The public discourse about refugees and migrants has been defined by a set of binaries: on the one hand, refugees are cast as deserving or undeserving, “political” or “economic,” persons who are “pushed” or “pulled” out of their homes. On the other hand, nation-states either grant humanitarian protection, or they police and fortify ever-tighter borders. In this dual Jekyll and Hyde framework, refugees are represented (and treated) either as criminals or victims, and host states either protect against or perpetuate violence. Ethnographic work with refugees has shown that boundaries are considerably more blurred, and that agency, or lack thereof, can be found among refugees as well as state or non-state actors.
This panel seeks to unsettle further the notion that “refugees” or “states” are bounded categories, and that specific historical and political contexts matter when explaining forced migration. The definition of who is a refugee has changed from a person who seeks protection from political persecution, as stated in the 1951 Geneva Convention, to a person who needs protection from harm more broadly defined. States opt whether or not to apply legal standards set forth by international institutions in their treatment of refugees, but perhaps more importantly, local customs, values and expectations inform how refugees are met by members of their host societies. Perceptions of existing migrant and refugee populations can influence public and political responses to new arrivals, as does the non-stop reporting of perilous refugee journeys. As a consequence, political responses that are meant to be welcoming and inclusive, end up being ineffective because they target imaginary refugees.

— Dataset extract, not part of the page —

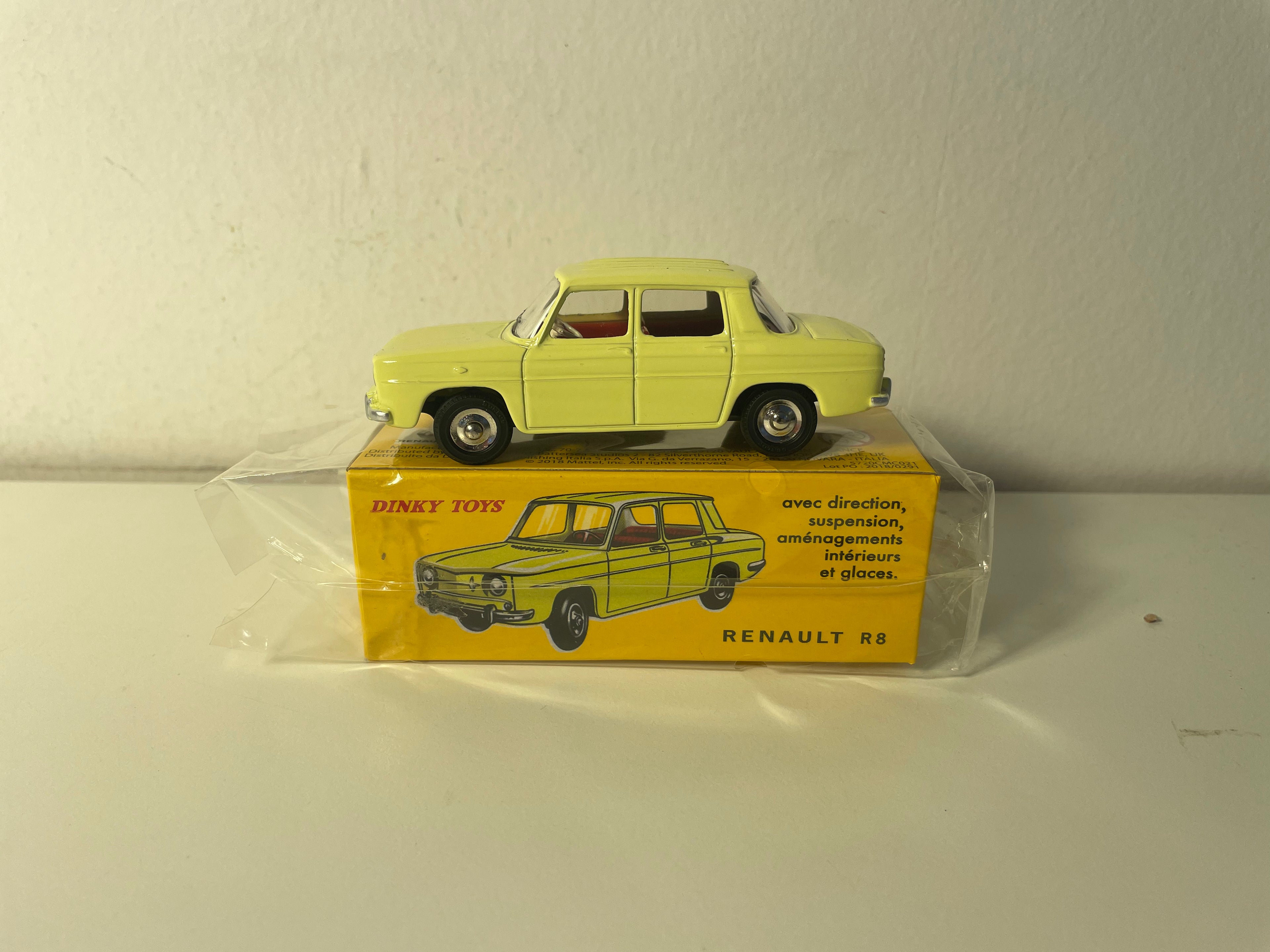 Pale Yellow Renault 8 - Dinky-Toys (Editions Atlas) - Nr. 517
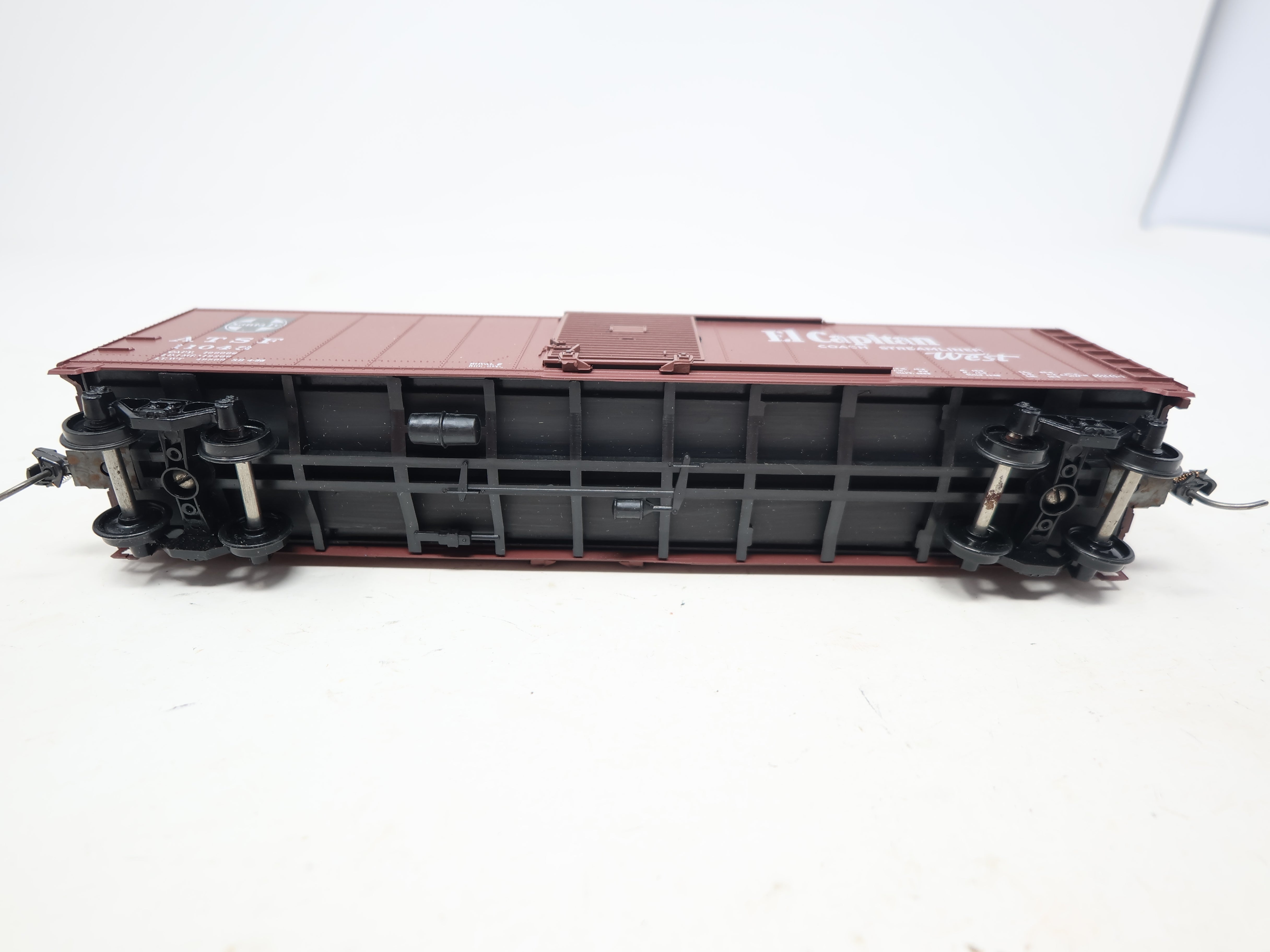 USED Athearn 5052 HO Scale, 50' SD Box Car, Santa Fe ATSF #11043, El Capitan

Some countries get to choose which refugees enter national territory and when, while others obtain asylum petitions from the refugees already inside their borders, which leads to different policies of inclusion and exclusion. As refugees settle into the margins of their host societies, they do not only face financial, linguistic, and legal constraints, but limited access to social and health services, which leads to concrete embodiments of exclusion.
By probing refugee experiences ethnographically, the presenters will reflect on the role of the anthropologist in shaping a refugee discourse that unsettles binaries and humanizes the actors involved in the various states and stages of forced migration.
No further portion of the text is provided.